J’ai toujours été un électron libre. Chaque création est pour moi d’abord une manière d’affirmer cette liberté, qui est bien sûr liée à ma liberté de citoyenne. À ce que je vis au quotidien. En 2011 par exemple, la regrettée Raja Ben Ammar, qui dirigeait l’espace Mad’Art à Carthage, m’avait demandé de reprendre pour un festival qu’elle organisait mon solo Les Étoiles filantes. Quand la révolution est arrivée, ça ne faisait plus sens pour moi. J’avais besoin de parler de ce qui agitait le pays, de ce qui m’animait alors. J’ai repensé à un entretien que j’avais eu avec une journaliste, Lilia Weslatly, qui s’est avérée être une blogueuse de la révolution. Nous avons créé ensemble, avec Jawhar Basti, un spectacle en douze jours que j’ai dû poursuivre seule, car Lilia a été happée par la révolution qui se poursuivait. J’y racontais entre autres des histoires qui m’étaient arrivées alors que j’étais à la tête du Ballet national, et que j’étais en conflit avec le ministre et l’administration.

 

On peut aussi voir dans Ré-existence un écho à la lutte que vous menez en faveur du statut de l’artiste en Tunisie. Où en est celle-ci ?

Cette question a beaucoup avancé depuis la révolution. Deux projets ont été mis au point en parallèle : l’un par le ministère de la Culture, qui a été rejeté par des groupes d’artistes indépendants dont je fais partie, l’autre par ces derniers. Celui-ci a finalement été accepté par le ministère de la Culture, mais est encore bloqué par celui des Finances.

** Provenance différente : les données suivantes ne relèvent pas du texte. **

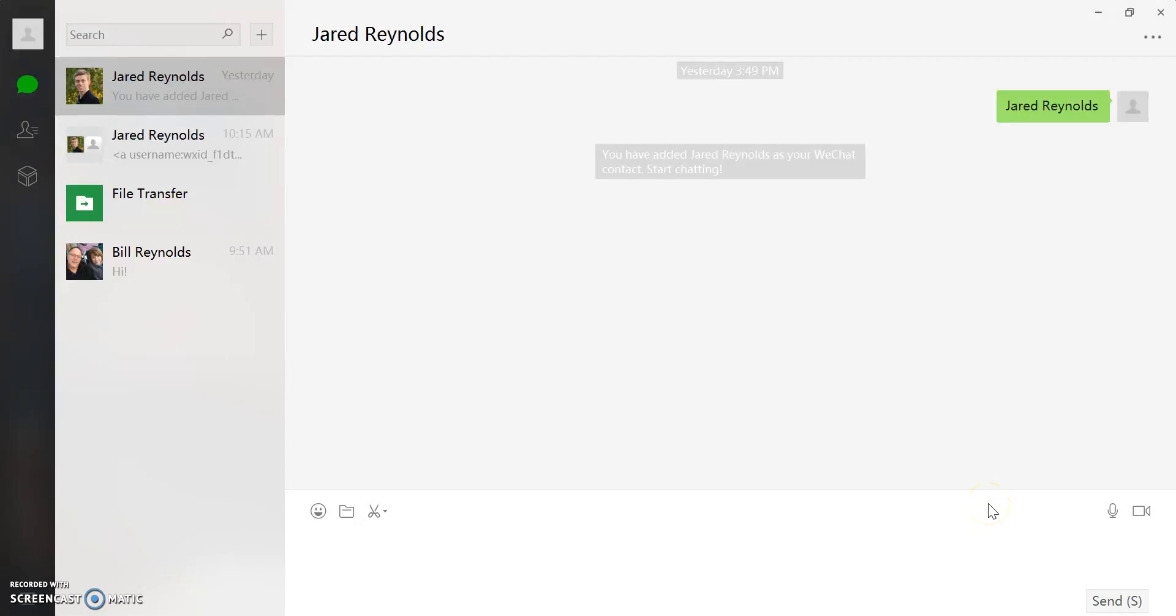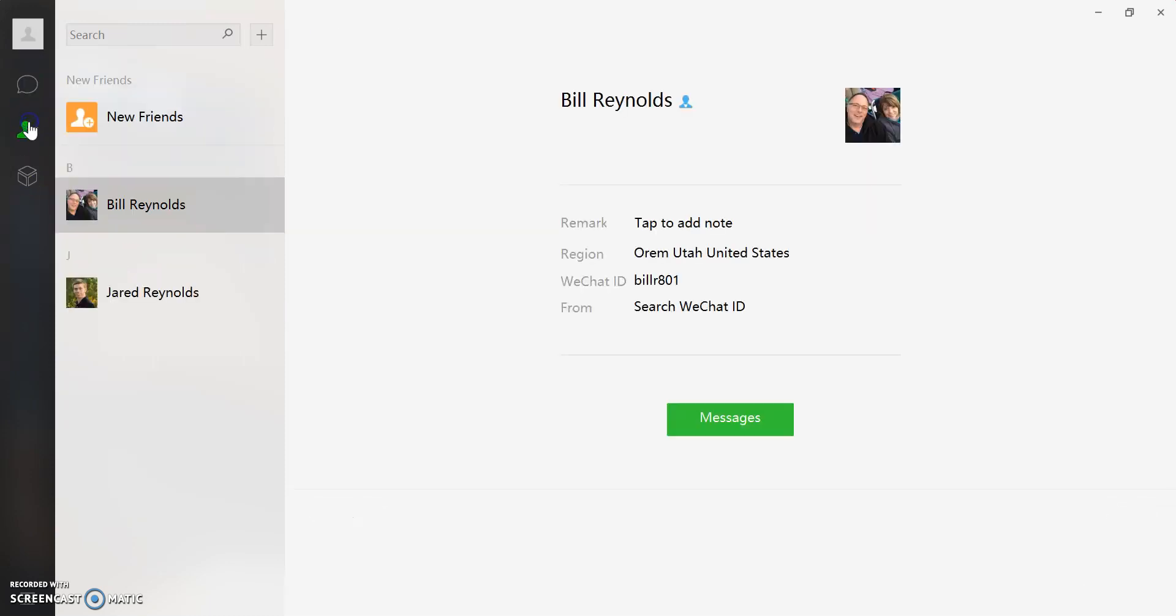In order to have a phone conversation with someone through WeChat, you'll want to come over to your contacts page. Click on that and you'll be able to see a list of your contacts or search for the contacts you'd like to talk to.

Certains députés sont aujourd’hui convaincus de la nécessité de ce statut, mais le sujet n’étant pas considéré comme une priorité, les discussions le concernant à l’Assemblée sont régulièrement reportées. Mais nous sommes patients, cela va venir.

 

Un Nouveau Ballet de danse tunisienne a été créé en 2017. Vous qui avez dirigé pendant quatre ans l’ancien Ballet national, qui s’est d’ailleurs dissous après votre départ, souhaiteriez-vous y participer ?

Je me poserais peut-être la question si l’on me sollicitait. Ça n’a pas été le cas jusque-là. De nombreuses erreurs ont à mon avis été commises jusqu’à maintenant avec ce Ballet. Avant de monter tout de suite des créations, mieux aurait valu déjà se concentrer sur la formation. Après tant d’années sans Ballet national, ils n’étaient pas à une année près. Je rêve de pouvoir mener un travail de troupe, avec une équipe permanente, mais je ne vois aujourd’hui pas tellement de possibilités en la matière. Mais je ne perds pas courage, jamais.